Now, thanks to a resurgent al-Qaida and renewed Sunni-Shia violence, the monthly death tolls of sectarian violence have been approaching the dark days of 2007-08, before the U.S. “surge” put a lid on the factional fighting.
This spring, resurgent violence prompted the Iraqi government to grit its teeth and ask the U.S. to discreetly send back U.S. advisers, drone operators and intelligence analysts.
The request remains under extended consideration, but there is little enthusiasm for it among the military, in Congress and least of all in U.S. public opinion. U.S. troops are not there partly because the Iraqi government demanded that they be subject to Iraqi law, police and courts. U.S. commanders said no, insisting that American soldiers would remain subject to U.S. military law and courts. Absent that agreement, the U.S. packed up and left.
Now the problem is recurring in Afghanistan, where the U.S. still has 60,000 troops, according to the International Security Assistance Force. The Obama administration has talked about slowly drawing down that number to around 34,000 in early 2014. The Afghan government would be wise to grant immunity from Afghan law to the U.S. troops asked to remain there. Of course, the troops would be subject to American military law and American military courts.
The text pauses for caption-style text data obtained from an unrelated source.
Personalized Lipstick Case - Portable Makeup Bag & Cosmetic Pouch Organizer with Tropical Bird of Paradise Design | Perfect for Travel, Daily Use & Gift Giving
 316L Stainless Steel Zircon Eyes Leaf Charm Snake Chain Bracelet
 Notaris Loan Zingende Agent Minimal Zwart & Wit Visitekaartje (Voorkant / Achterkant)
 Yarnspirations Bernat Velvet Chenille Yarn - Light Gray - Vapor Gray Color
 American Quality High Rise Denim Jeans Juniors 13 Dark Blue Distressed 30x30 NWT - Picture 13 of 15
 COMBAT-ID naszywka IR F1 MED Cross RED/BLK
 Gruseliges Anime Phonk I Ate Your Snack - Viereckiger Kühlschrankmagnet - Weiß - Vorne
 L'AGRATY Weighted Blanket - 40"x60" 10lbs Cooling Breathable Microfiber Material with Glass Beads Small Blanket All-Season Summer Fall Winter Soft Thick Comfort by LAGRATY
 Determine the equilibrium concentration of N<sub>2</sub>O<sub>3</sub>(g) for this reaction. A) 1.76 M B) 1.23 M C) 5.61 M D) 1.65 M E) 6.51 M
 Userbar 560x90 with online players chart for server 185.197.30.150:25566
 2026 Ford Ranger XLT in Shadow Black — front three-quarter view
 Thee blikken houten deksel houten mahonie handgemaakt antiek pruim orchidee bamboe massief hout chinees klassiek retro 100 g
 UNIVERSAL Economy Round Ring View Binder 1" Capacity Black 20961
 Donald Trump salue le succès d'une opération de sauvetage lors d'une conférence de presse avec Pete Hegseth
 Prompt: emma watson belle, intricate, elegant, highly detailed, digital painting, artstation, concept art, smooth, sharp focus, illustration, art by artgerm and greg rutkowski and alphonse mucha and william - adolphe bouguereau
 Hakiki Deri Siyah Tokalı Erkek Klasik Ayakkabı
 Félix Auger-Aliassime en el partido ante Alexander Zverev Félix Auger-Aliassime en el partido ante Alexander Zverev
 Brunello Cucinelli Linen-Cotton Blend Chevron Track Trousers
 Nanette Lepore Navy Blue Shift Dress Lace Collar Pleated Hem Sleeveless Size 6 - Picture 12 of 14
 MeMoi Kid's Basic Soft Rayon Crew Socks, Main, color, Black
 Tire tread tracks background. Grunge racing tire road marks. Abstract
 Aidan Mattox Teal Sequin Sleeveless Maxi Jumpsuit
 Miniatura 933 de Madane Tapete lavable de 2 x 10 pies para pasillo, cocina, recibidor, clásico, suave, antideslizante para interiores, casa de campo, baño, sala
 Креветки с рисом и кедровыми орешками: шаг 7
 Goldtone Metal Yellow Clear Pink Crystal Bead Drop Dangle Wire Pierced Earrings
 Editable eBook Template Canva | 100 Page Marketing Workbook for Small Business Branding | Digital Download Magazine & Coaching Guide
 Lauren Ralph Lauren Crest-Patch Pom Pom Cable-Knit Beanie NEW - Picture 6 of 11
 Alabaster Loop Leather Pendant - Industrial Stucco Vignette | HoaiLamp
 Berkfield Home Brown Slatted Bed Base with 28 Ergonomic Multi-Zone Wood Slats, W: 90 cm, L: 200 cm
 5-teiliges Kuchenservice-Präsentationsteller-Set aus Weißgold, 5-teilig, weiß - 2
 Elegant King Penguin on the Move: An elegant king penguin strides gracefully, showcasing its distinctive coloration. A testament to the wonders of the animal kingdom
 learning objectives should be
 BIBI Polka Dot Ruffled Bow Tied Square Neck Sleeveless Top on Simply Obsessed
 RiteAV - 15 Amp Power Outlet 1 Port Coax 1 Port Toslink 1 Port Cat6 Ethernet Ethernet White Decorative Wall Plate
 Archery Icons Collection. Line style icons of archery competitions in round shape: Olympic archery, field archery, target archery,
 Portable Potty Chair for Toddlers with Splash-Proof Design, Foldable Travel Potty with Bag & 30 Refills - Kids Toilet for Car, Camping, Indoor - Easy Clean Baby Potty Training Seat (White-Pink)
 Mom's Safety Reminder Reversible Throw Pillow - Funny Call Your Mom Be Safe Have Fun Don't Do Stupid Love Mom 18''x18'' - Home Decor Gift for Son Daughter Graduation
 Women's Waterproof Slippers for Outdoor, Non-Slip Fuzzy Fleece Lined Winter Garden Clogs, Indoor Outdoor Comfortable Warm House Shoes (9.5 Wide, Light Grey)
Historically, the U.S. military has always displayed a firm hand at dealing with its members who commit crimes on foreign soil.
The U.S. and Afghanistan have a draft agreement that provides for just that, but it still must be approved by up to 3,000 members of a special Afghan assembly called a Loya Jirga, scheduled to meet in November. The agreement also must not offend the prickly pride of Afghan President Hamid Karzai.
Karzai should sign the pact, formally known as the Bilateral Security Agreement, before he leaves office next April. Iran, the Taliban and major forces within Pakistan want to see the U.S. out, removing a major obstacle to their attempts to influence the country.
Strictly from the point of Afghan self-interest, it would be best if a U.S. presence stayed on — to help stabilize the country, to continue training the Afghan security forces and to ensure that U.S. development aid keeps flowing. A majority of U.S. citizens also want our forces out of Afghanistan, and the sooner the better.
Iraq should be an object lesson to Kabul: Once we’re out, we’re out.